Il gruppo che ha certo il primo batterio minimo sintetico (credit: J. Craig Venter Institute)
Il gruppo che ha certo il primo batterio minimo sintetico (credit: J. Craig Venter Institute)

Degli oltre 400 geni della cellula JCVI-syn3.0 così ottenuta, 35 codificano per RNA, con una sola sequenza 16S di RNA ribosomiale. La maggior parte dei geni caratterizzati (41%) è coinvolto nell’espressione genica; il 18% partecipa a determinare la struttura e funzione della membrana cellulare, il 17% è correlato al metabolismo citosolico e il 7% alla conservazione dell’informazione genetica. “Il nostro obiettivo è di ottenere una cellula per la quale sia conosciuta la funzione precisa di ogni gene”, ha dichiarato Clyde Hutchison commentando i risultati.

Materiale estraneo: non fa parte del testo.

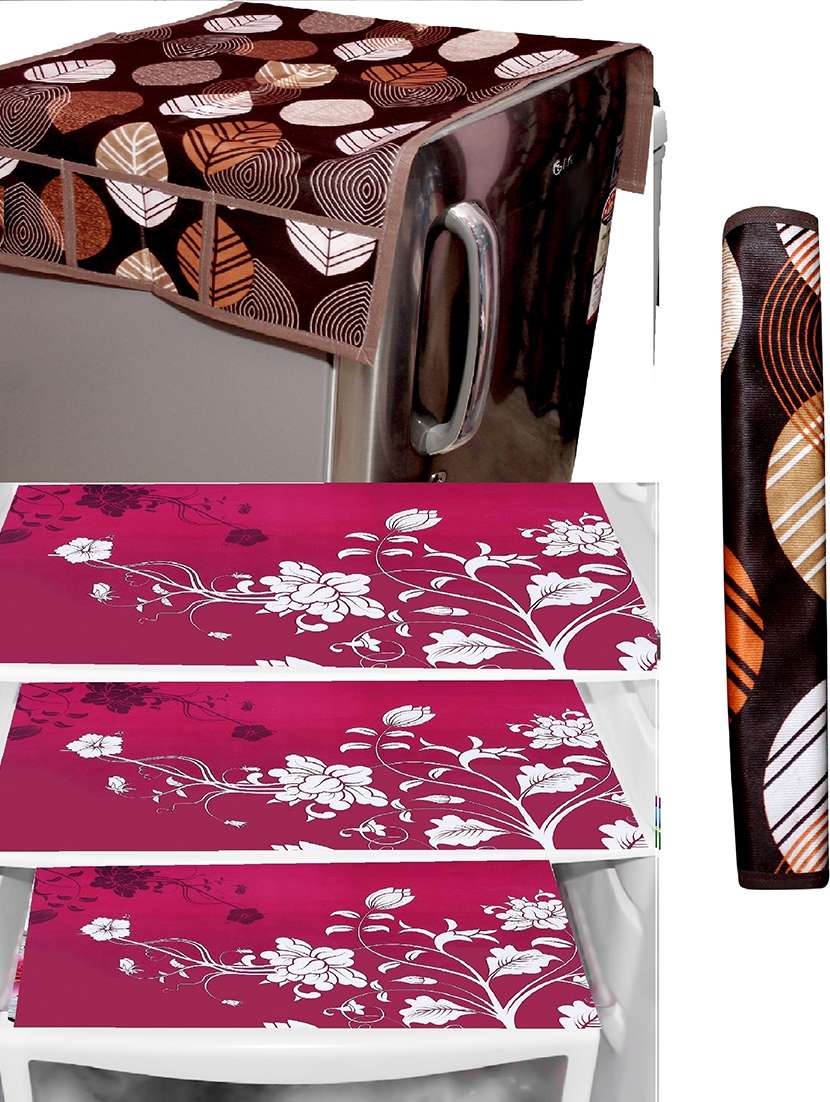 set of printed fridge mats with top cover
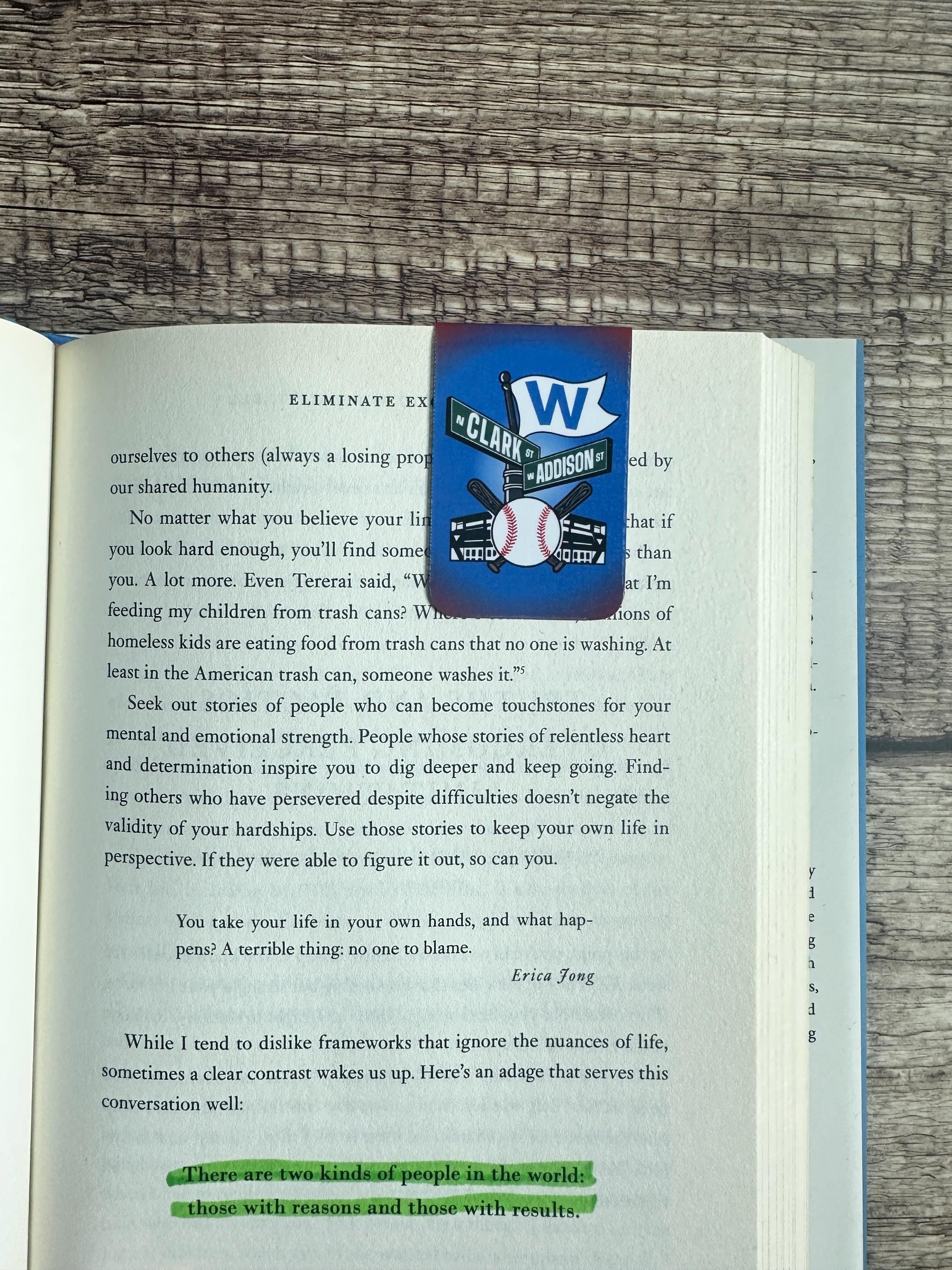 Cubs Inspired Magnetic Bookmark – Addison & Clark Wrigley Field Inspired Design – Page Marker Gift for Fans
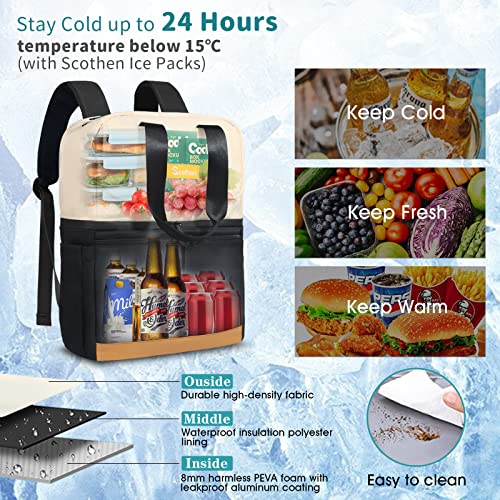 Scothen Backpack Cooler With Double Decker & 12 Ice Packs- Keeps 36 Cans Cold For Up To 24 Hours- Waterproof & Leak Proof Insulated Cooler Backpack- Stylish Cooler Bookbag For Women Travel Work Beach #TOP3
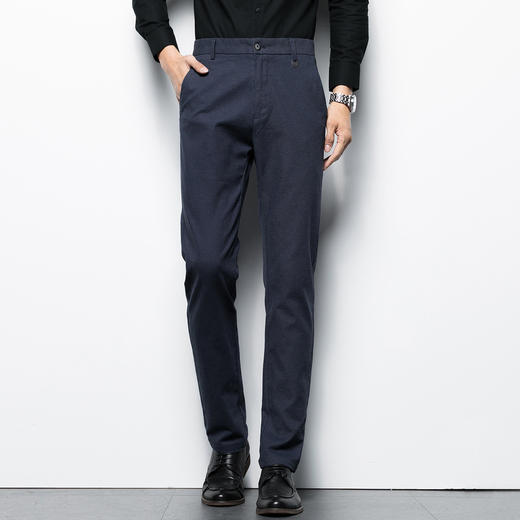 101Z1314R【加绒加厚 弹力磨毛】罗蒙秋冬加厚保暖休闲裤男纯色简约商务通勤男士休闲裤 商品图3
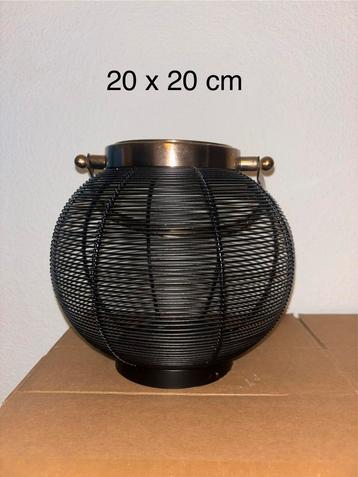 Metalen Kandelaar / Windlicht - Zwart beschikbaar voor biedingen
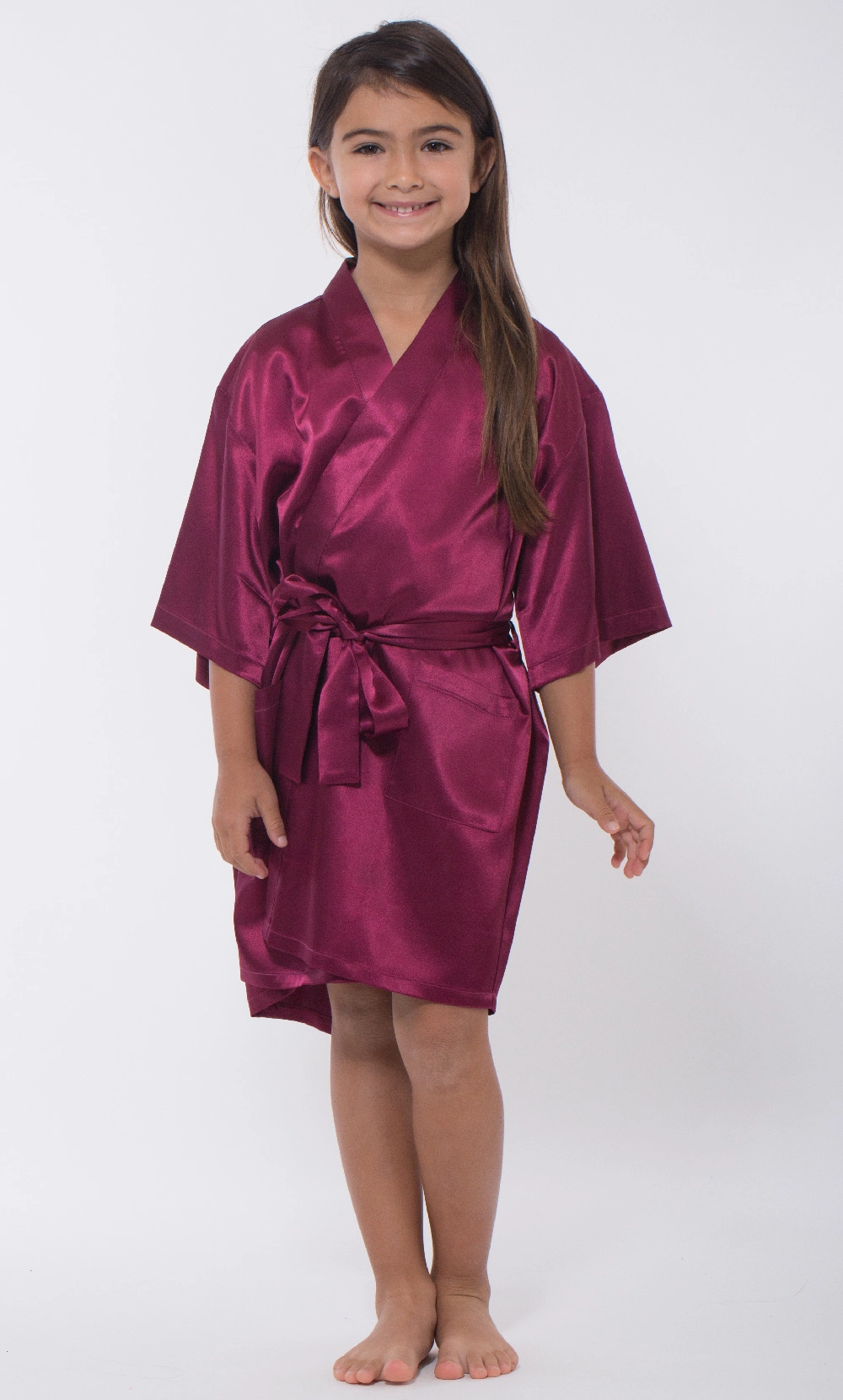 Wine Red Satin Kimono Kid's Robe-Robemart.com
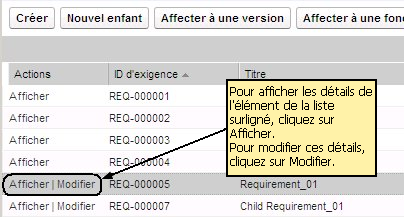 Cette illustration présente les liens Afficher et Modifier sur une page de liste. Cette illustration présente les liens Afficher et Modifier sur une page de liste.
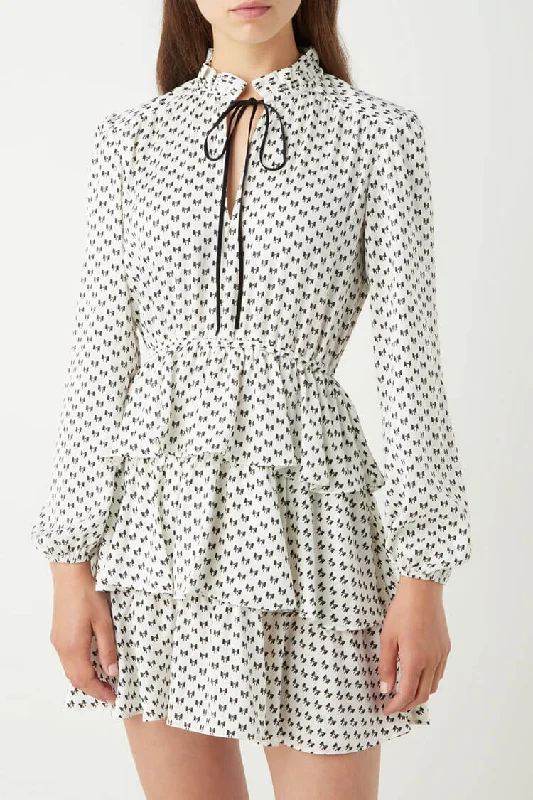 Bowknot Print Tie Front Long Sleeve Ruffle Tiered Mini Dress - White Trendy A-Line Mini Dress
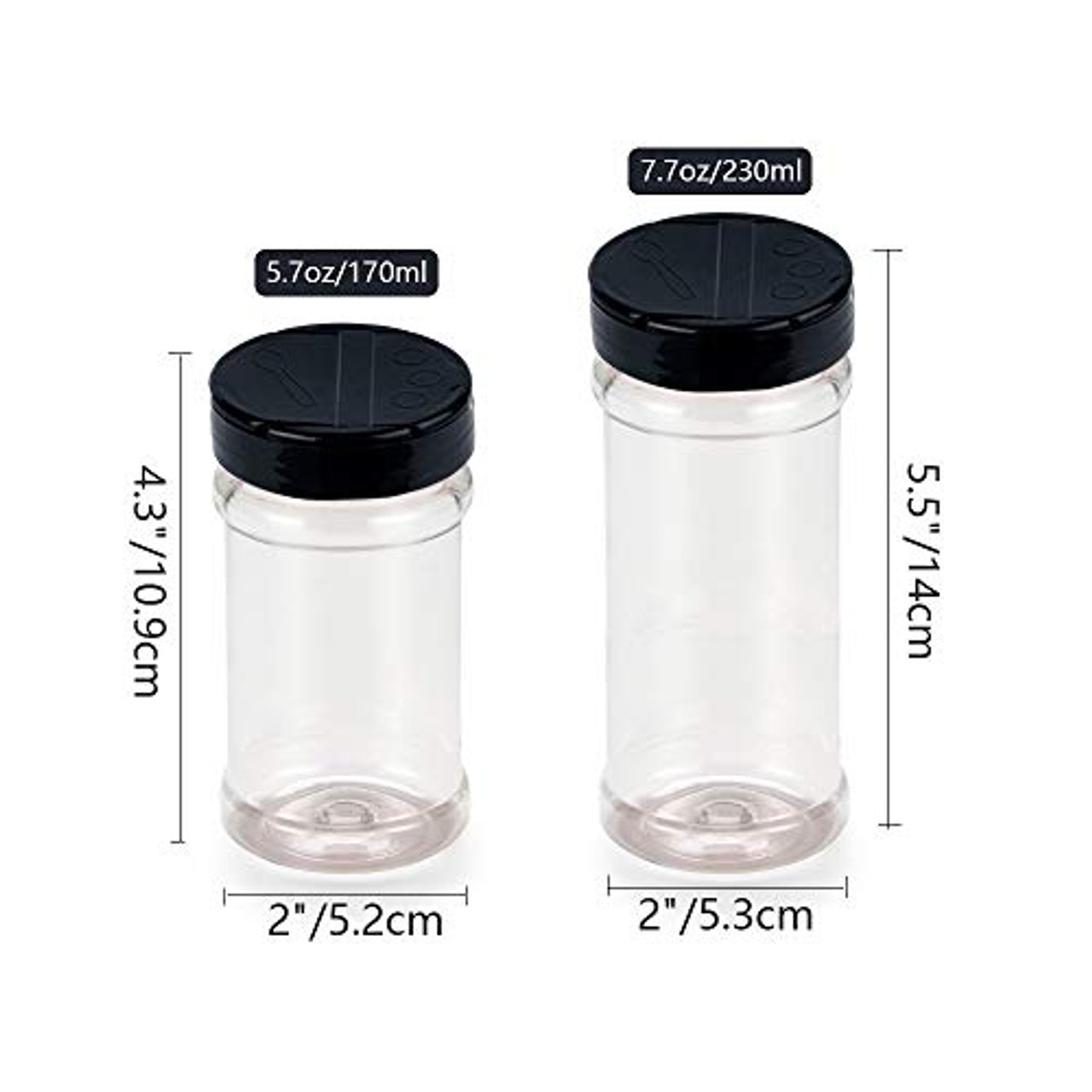 Set of 12Pcs Empty Plastic Spice Jars with Black Cap Spice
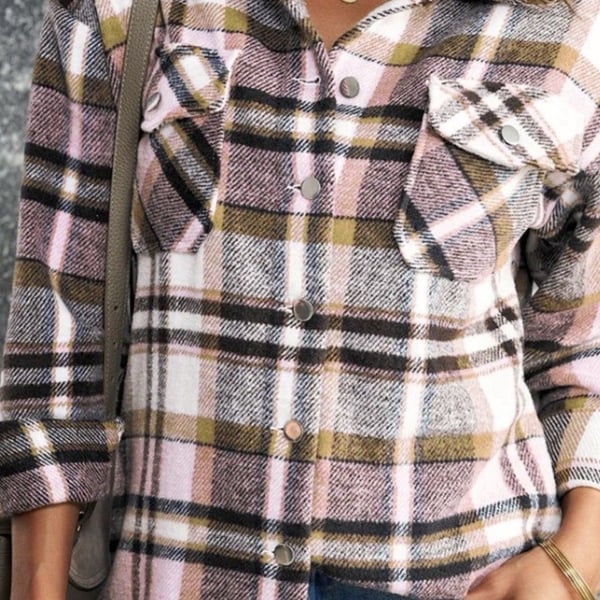 Women's Multicolor Plaid Button-Up Collared Long Sleeve Shirt M Cotton Blend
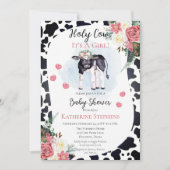 かわいい聖なる牛ちゃん、女の子が生まれたよ！ベビーシャワーパーティー 招待状 (正面)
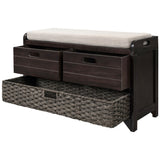 ZUN Storage Bench with Removable Basket and 2 Drawers, Fully Assembled Shoe Bench with Removable Cushion 25500376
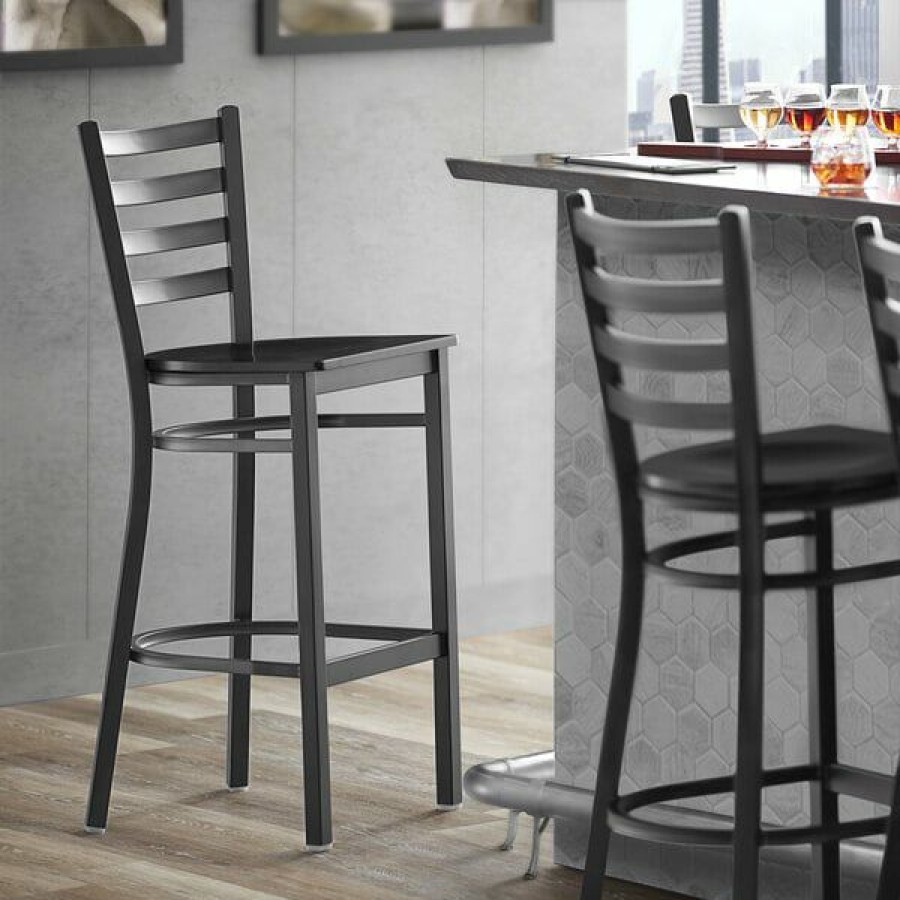 Restaurant Bar Stools * | Outlet Lancaster Table & Seating Black Frame Ladder Back Bar Height Chair With Black Wood Seat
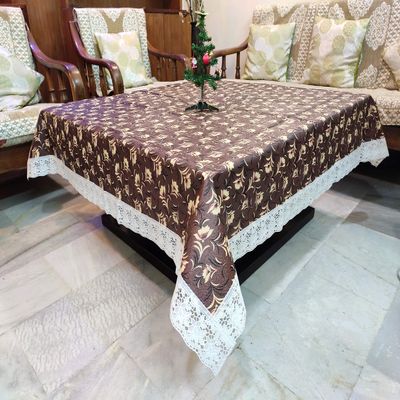 MONKDECOR Brown Leaf Design PVC Printed 6 Seater Table Cover -Design-7 (Size- 54x78 inches)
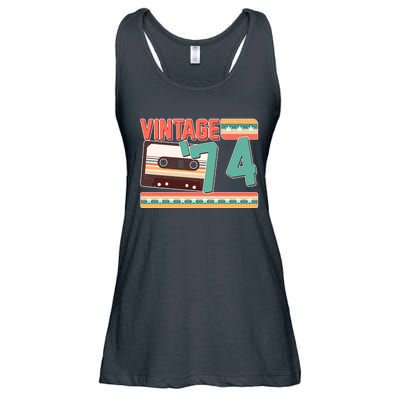 Vintage 1974 50th Birthday Cassette Tape Ladies Essential Flowy Tank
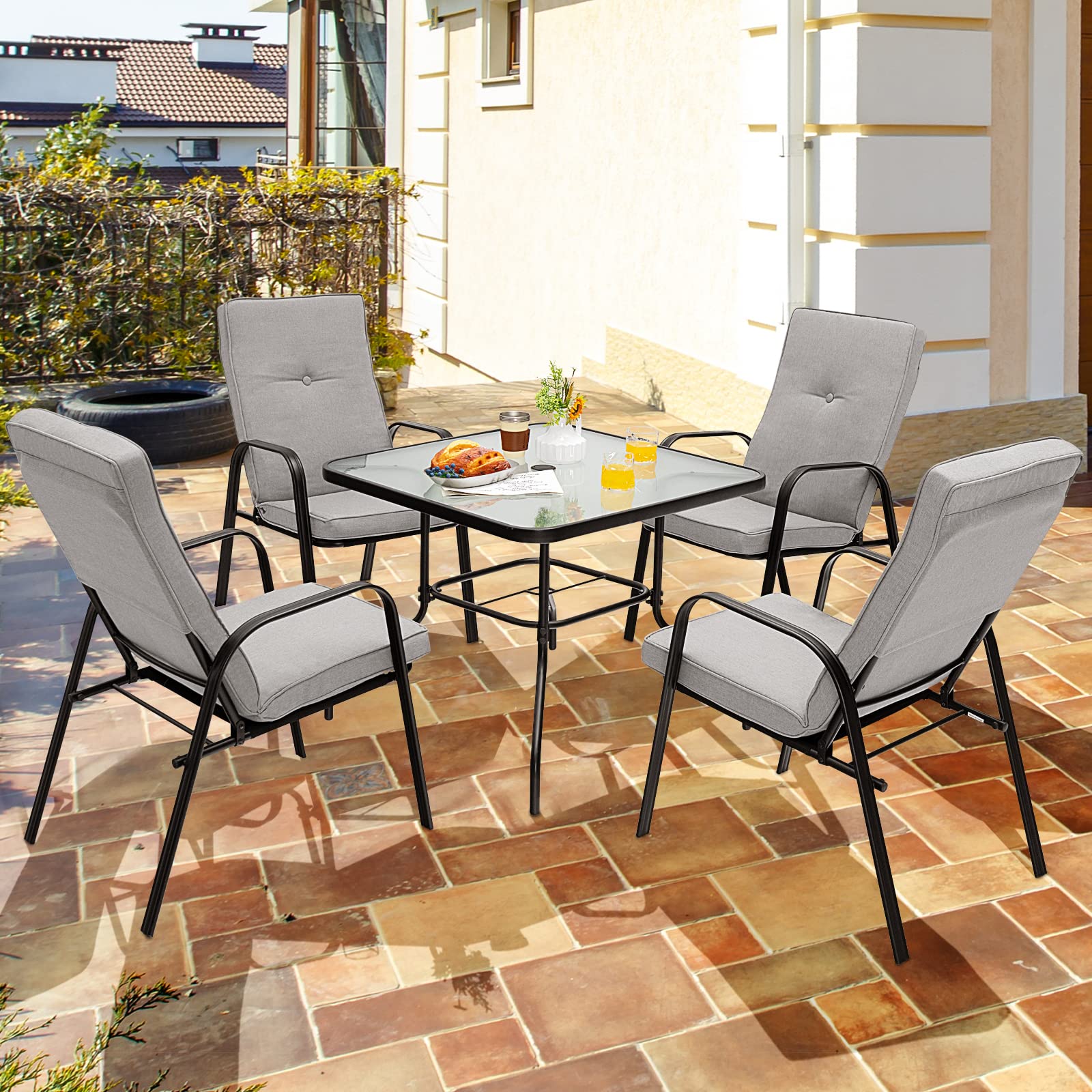 Giantex 4 Piece Patio Dining Chairs, Outdoor Stackable Chairs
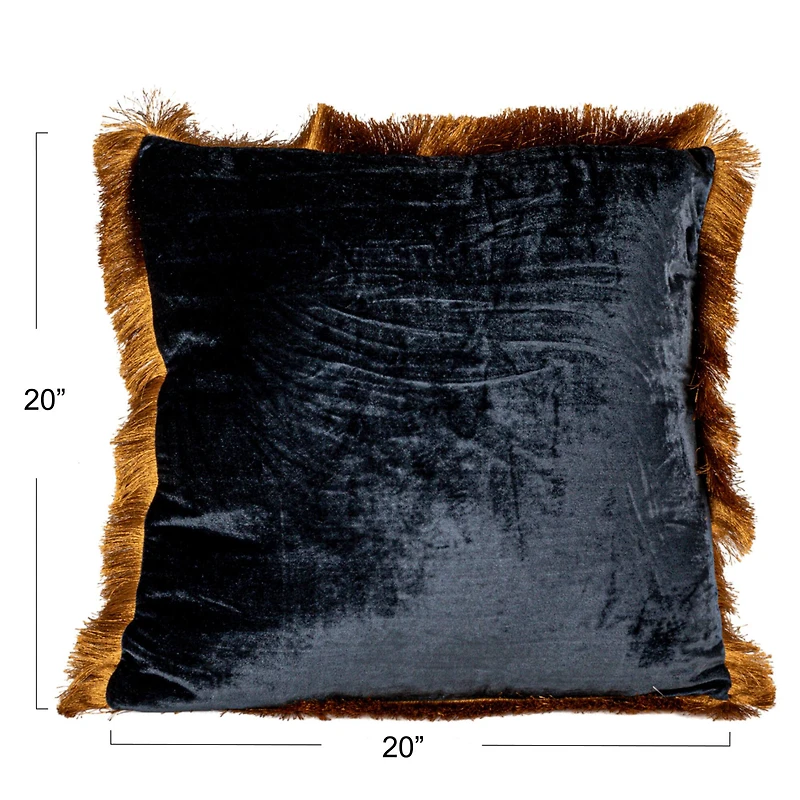 Hello Honey® 20" x 20" Navy & Gold Silk Fringed Pillow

Una ricerca che parte da lontano

Le sfide genomiche sono il pane quotidiano per Craig Venter e per i suoi collaboratori, che già nel 1995 furono i primi a ottenere la sequenza completa del un genoma di un organismo vivente, Haemophilus influenza (1815 geni). La comparazione di questo genoma con quello di Mycoplasma genitalium (525 geni) portò all’identificazione di 256 geni comuni, che il gruppo di La Jolla ipotizzò essere il corredo genomico minimo per assicurare al viabilità cellulare. Venter è stato anche il primo a sequenziare l’intero genoma umano nel 2000. La tecnica della mutagenesi con trasposoni è stata pubblicata per la prima volta dallo stesso gruppo nel 1999, con la contemporanea dimostrazione che molti geni del Mycoplama genitalium non sono necessari alla sua coltivazione in laboratorio. La prima cellula artificiale, JCVI-syn1.0, è stato ottenuta dieci anni più tardi mediante sintesi del suo unico cromosoma e inserimento in una cellula di Mycoplasma capricolum a cui era stato rimosso il corredo genitico originario. Oggi è il turno del primo batterio con corredo genetico quasi-minimo. “Il nostro tentativo di disegnare e creare una nuova specie, in ultimo di successo, ha rivelato che il 32% dei geni essenziali per la vita in questa cellula hanno una funzione sconosciuta, e mostra che molti sono conservati in numerose specie. Tutti gli studi bioinformatici degli ultimi vent’anni hanno sottostimato il numero di geni essenziali, focalizzandosi solo sul mondo conosciuto. Questa è un’osservazione importante che stiamo trasferendo allo studio dell’intero genoma umano”, ha dichiarato Craig Venter commentando la creazione del primo batterio sintetico.

Secondo il vice presidente di Synthetic Genomics, Daniel Gibson, il nuovo metodo di progettazione genomica “dal basso” potrà in futuro portare a significativi progressi nella capacità di realizzare organismi sintetici con funzionalità prevedibili, con ricadute sulla disponibilità di piattaforme tecnologiche di ultima generazione che troverebbero impiego in una vasta gamma di settori industriali. Il genoma del batterio sintetico syn3.0 è stato preparato con gli strumenti commerciali di sintesi genomica semi-automatica di Synthetic Genomics, che includono librerie geniche combinatoriali, il software genomico Archetype®, i kit Gibson Assembly® e l’apparecchiatura da banco BioXp™.